■ **WHAT THIS TASK INVOLVES**:
Retype every line from the top of the entries down to the one with "Plateau de rangement", both included, and skip the pictures.

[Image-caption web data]
::::

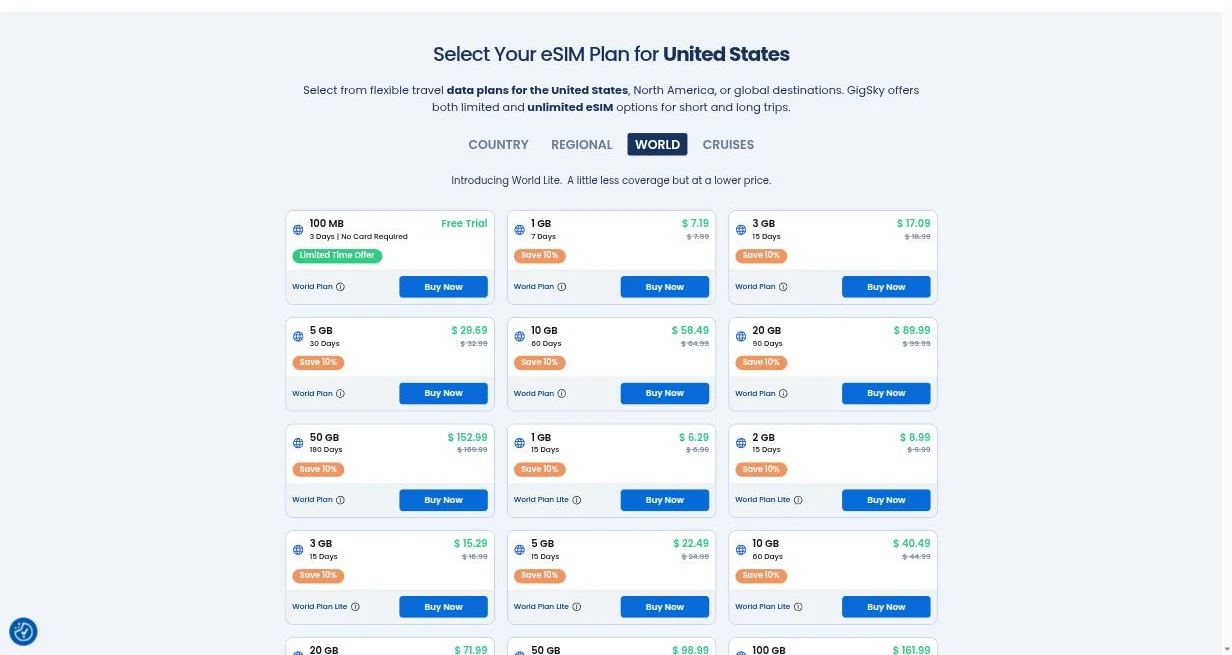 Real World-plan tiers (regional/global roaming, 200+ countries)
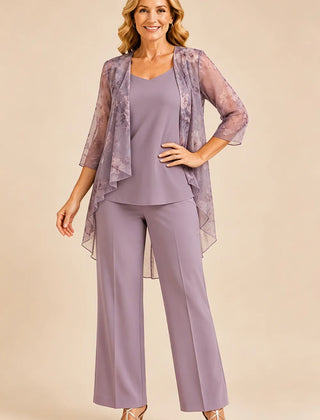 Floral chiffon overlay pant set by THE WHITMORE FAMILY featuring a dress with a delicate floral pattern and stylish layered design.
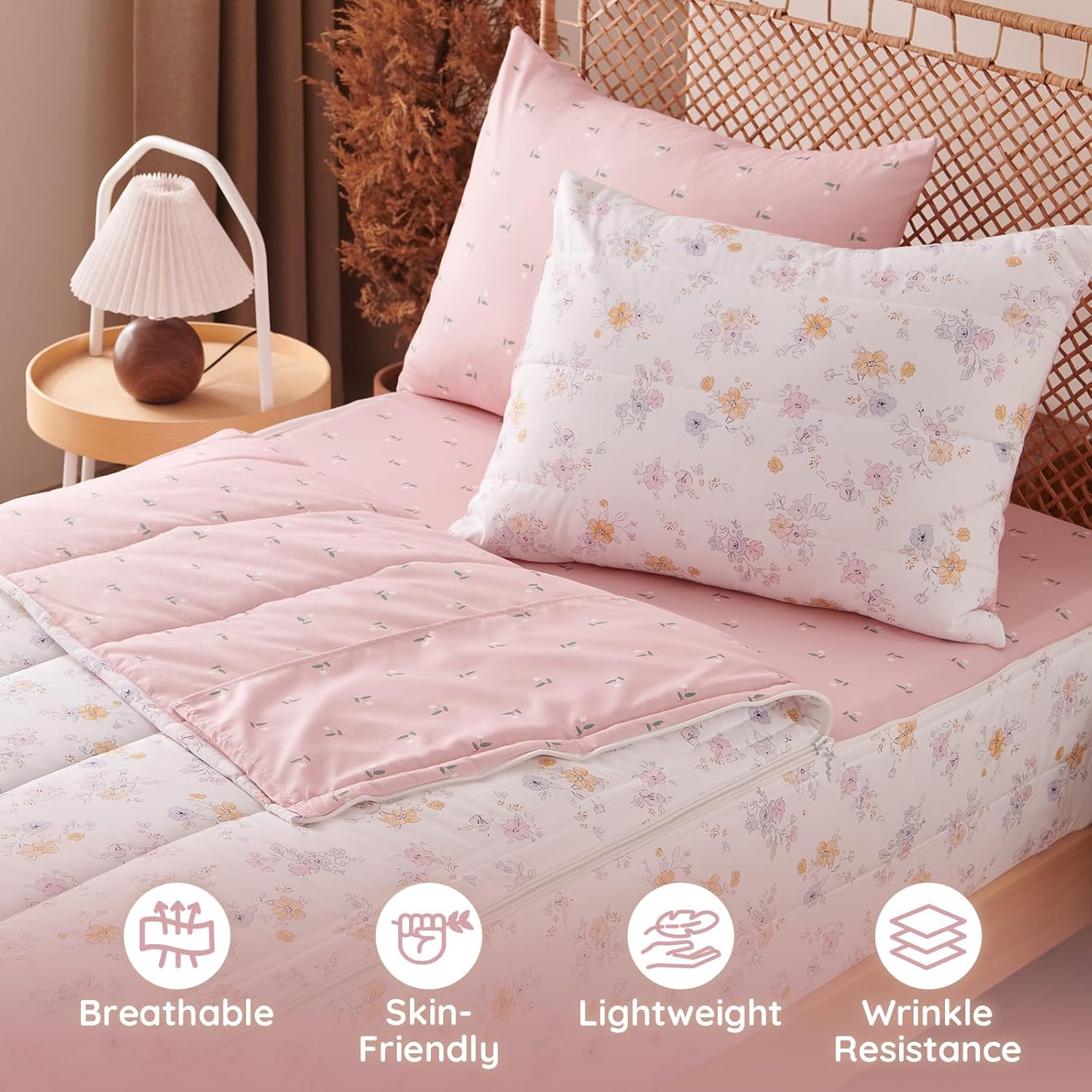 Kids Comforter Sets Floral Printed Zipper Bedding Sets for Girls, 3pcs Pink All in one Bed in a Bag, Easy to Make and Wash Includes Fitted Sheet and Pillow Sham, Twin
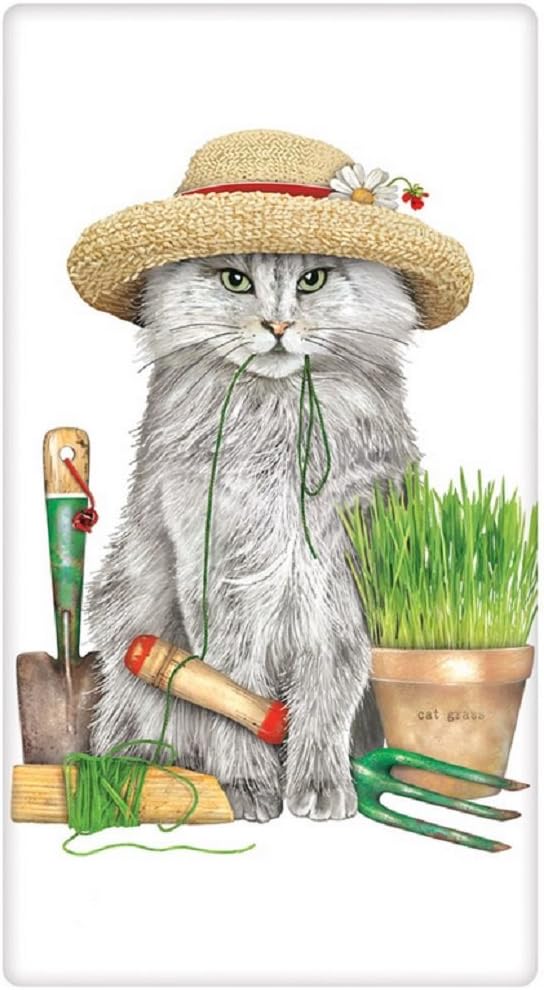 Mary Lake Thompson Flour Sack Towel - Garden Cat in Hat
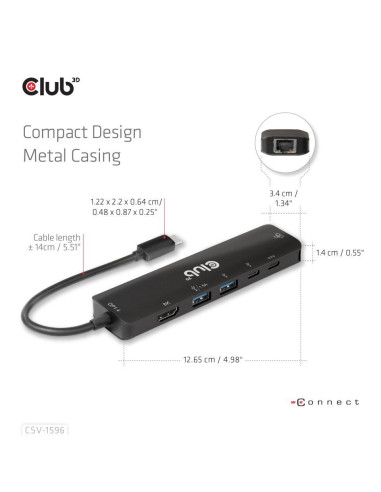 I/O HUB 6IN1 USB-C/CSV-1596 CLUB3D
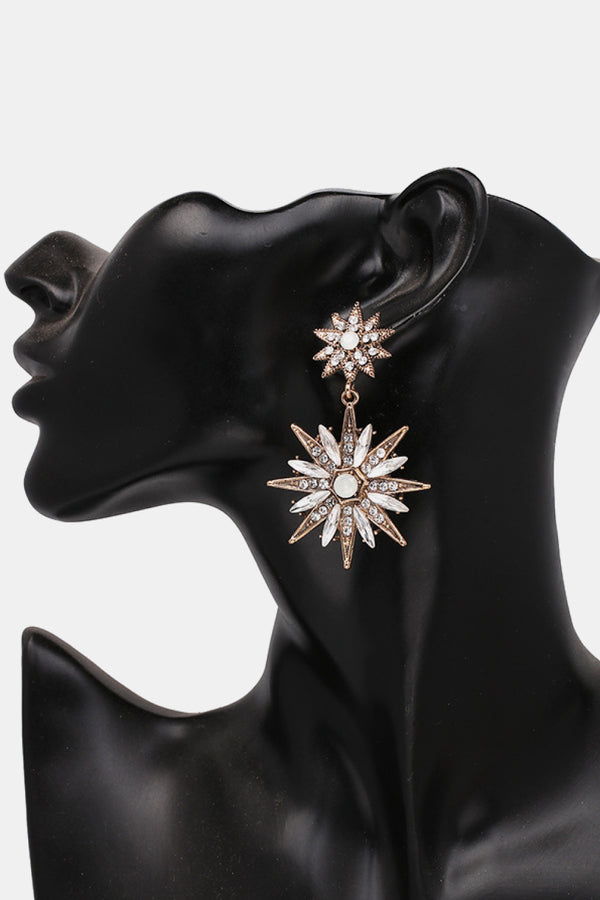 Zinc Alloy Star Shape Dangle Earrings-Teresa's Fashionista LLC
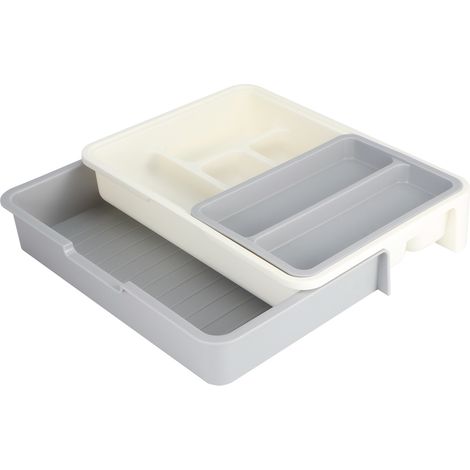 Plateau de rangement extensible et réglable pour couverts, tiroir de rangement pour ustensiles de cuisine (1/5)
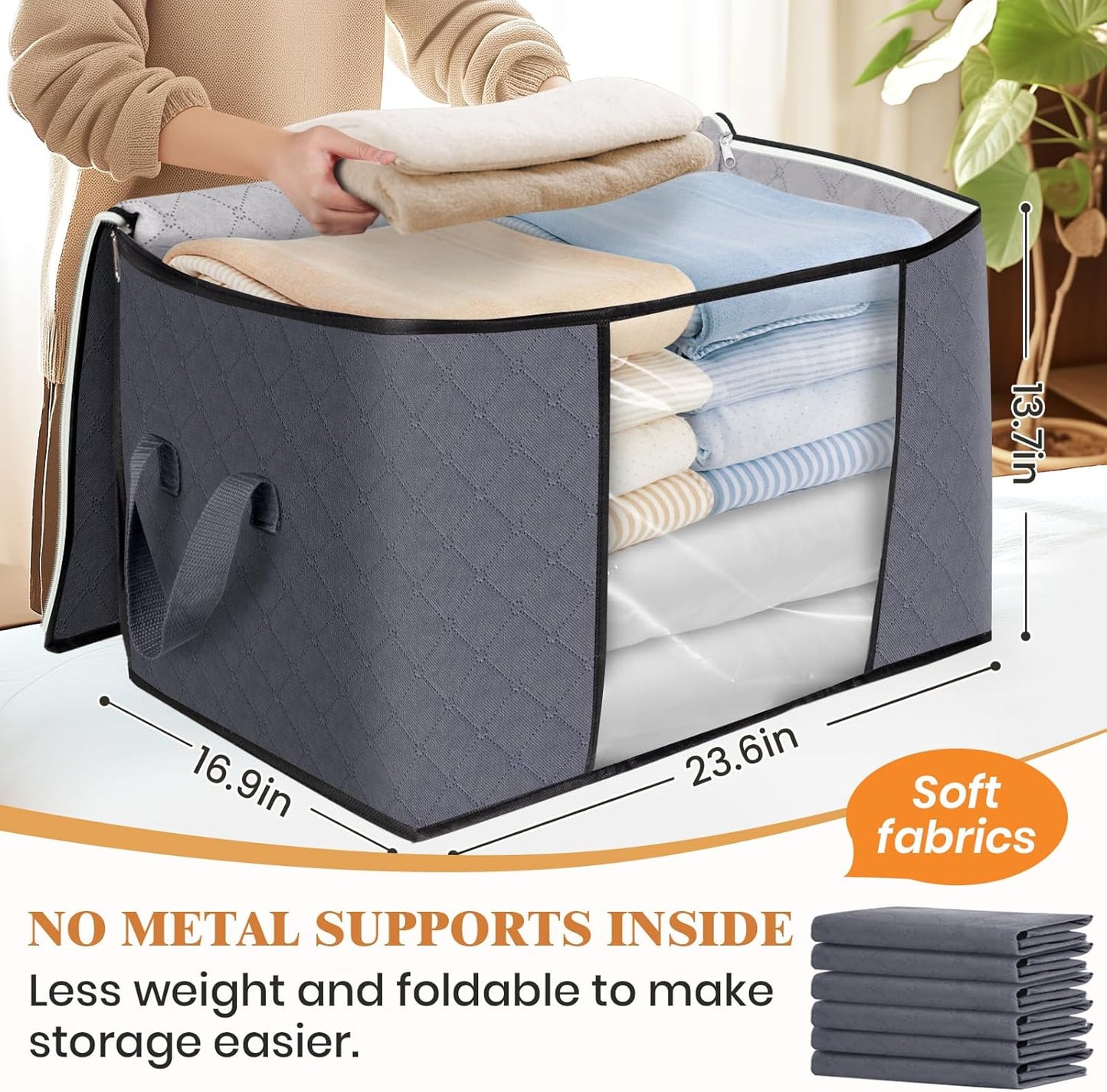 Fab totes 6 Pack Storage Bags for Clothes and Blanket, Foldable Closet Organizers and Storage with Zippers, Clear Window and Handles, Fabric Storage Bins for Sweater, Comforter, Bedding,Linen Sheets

::::

■ **EXERCISE RESPONSE**:
 Real World-plan tiers (regional/global roaming, 200+ countries)
 Floral chiffon overlay pant set by THE WHITMORE FAMILY featuring a dress with a delicate floral pattern and stylish layered design.
 Kids Comforter Sets Floral Printed Zipper Bedding Sets for Girls, 3pcs Pink All in one Bed in a Bag, Easy to Make and Wash Includes Fitted Sheet and Pillow Sham, Twin
 Mary Lake Thompson Flour Sack Towel - Garden Cat in Hat
 I/O HUB 6IN1 USB-C/CSV-1596 CLUB3D
 Zinc Alloy Star Shape Dangle Earrings-Teresa's Fashionista LLC
 Plateau de rangement extensible et réglable pour couverts, tiroir de rangement pour ustensiles de cuisine (1/5)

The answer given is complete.